How to make big decisions more easily

How to make big decisions more easily

Nazir wants to buy a new top of the range Range Rover. His reasons why were…

“It would enable me to carry lots of equipment!”

Actually, in the past two years he has never had to carry anything larger than a briefcase or set of golf clubs.

“It would help me beat the traffic and get to work in the worst ice and snow!”

Actually, the last time winter weather seriously disrupted road travel for more than a couple of days was in 1963.

“I will be able to travel in comfort and visit clients all over the country!”

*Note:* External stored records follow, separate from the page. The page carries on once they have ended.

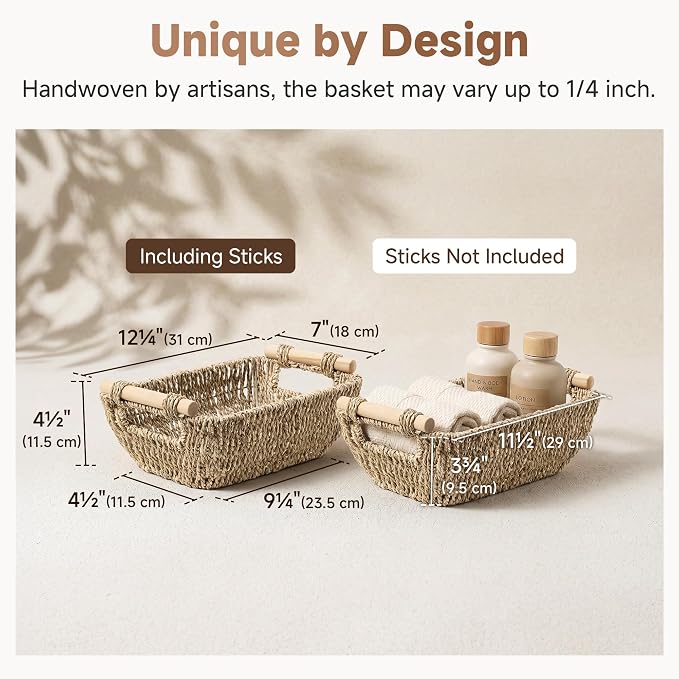 StorageWorks Small Baskets for Shelf, Seagrass Woven Basket for Gifts | Wicker Storage Baskets for Shelves, Baskets with Wooden Handles, 2-Pack Gifts Basket for Home Decor, Hand-Woven Basket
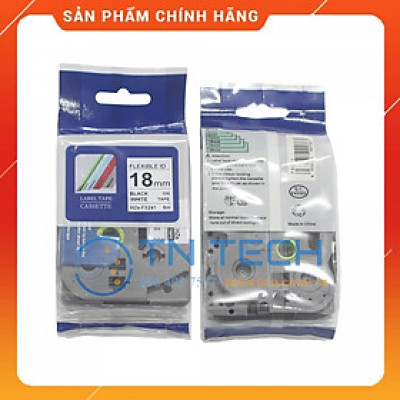 Nhãn In HZE-FX241 - Đen nền trắng 18mm x 8m - Dùng cho máy in BROTHER - AIMO - PUTY [Hàng nhập khẩu]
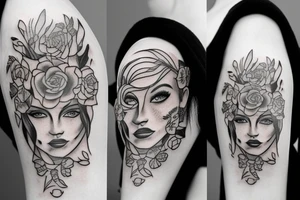 half woman face and half flowers tattoo idea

Actually, all of Nazir’s clients are all based within 50 miles of his office

Nazir went ahead and bought his Range Rover that sat for a year as a wonderful but useless piece of jewellery on his drive. Paying for the Range Rover eventually bankrupted his business and it had to be returned to the leasing company.

Confirmation bias is the opposite of evidence-based decision making. It’s based upon deciding to do something and then constructing the evidence to justify your decision. Often, decision making is emotional – Nazir really wanted his Range Rover as a status symbol, but constructed reasons to make his decision more logical.

It’s important to honestly consider why we make our decisions. Make big decisions in a considered way, test the decision, and critique it as far as you can with a critical friend. Ultimately, the evidence will show you the way – if your decision doesn’t stack up, it isn’t worth making. 

Chew on this:

How do you usually make big decisions? Do you let your emotions get in the way?